Für die Gesamtbilanz ist auch von Belang, wer die Geschichte jeweils erzählt. Die Erzählperspektive wird in fast der Hälfte der analysierten Bücher durch eine kindliche Ich-Erzählperson ausgefüllt. Dabei ist im Blick zu halten, dass sich dahinter notwendigerweise der Autor oder die Autorin verbergen. Diese treten bei fast der Hälfte der analysierten Bücher als auktoriale Erzählperson auf und bringen ihre jeweilige Sichtweise ein. Daneben kommt es auch vor, dass eine ältere Person selbst das Erzählen aus der eigenen Perspektive in einer kurzen Textsequenz übernimmt (vgl. S. 110). Lediglich an zwei Bilderbüchern waren auch Kinder unmittelbar beteiligt und kamen mit ihrer Ansicht zu Wort.
Fazit
Wenn auch die Autorin zu dem Schluss kommt, dass "die Darstellung alter Menschen in Bilderbüchern verbreiteter ist […] als man auf den ersten Blick vermutet" (S. 115), kommen empirische Untersuchungen zu den darin enthaltenen Altersbildern in der Forschung nur selten vor. Umso bedeutsamer ist die hier sehr sorgfältig durchgeführte und dokumentierte Studie zu diesem Themenfeld. Die detailliert dargestellte Vorgehensweise ist eng auf den komplexen Forschungsgegenstand bezogen und nachvollziehbar dokumentiert.
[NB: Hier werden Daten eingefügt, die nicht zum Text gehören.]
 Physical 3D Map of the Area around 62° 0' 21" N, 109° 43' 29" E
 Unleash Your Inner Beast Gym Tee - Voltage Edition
Gleichwohl wäre es wünschenswert gewesen, einzelne Arbeitsschritte in Abstimmung bzw. Durchführung mit einer weiteren Person auszuführen.
Der Autorin gelingt es, differenzierte Überlegungen auf dem Weg zu einer Entwicklung "facettenreicher Altersbilder" in Bilderbüchern anzustoßen. Das kann dazu beitragen, Vorurteile und Stereotypen – insbesondere entlang der in der Studie aufgefundenen Problemfelder – abzubauen (S. 121f.). Die im letzten Abschnitt formulierten "Handlungsempfehlungen" haben auch verschiedene Zielgruppen im Blick. So sollte es darum gehen, Verlage für das Themenfeld "Alter" zu sensibilisieren, Empfehlungslisten für Eltern und Großeltern zu erstellen oder auch Angebote zur Fortbildung von Erzieherinnen und Erziehern bzw. auch von Lehrkräften zu erarbeiten.
Literaturverzeichnis
Bundesministerium für Familie, Senioren, Frauen und Jugend (Hrsg.): Sechster Bericht zur Lage der älteren Generation in der Bundesrepublik Deutschland. Altersbilder in der Gesellschaft. Berlin 2010.
Strauss, Anselm L./Corbin, Juliet M.: Grounded Theory: Grundlagen qualitativer Sozialforschung. Weinheim: Beltz, 1996.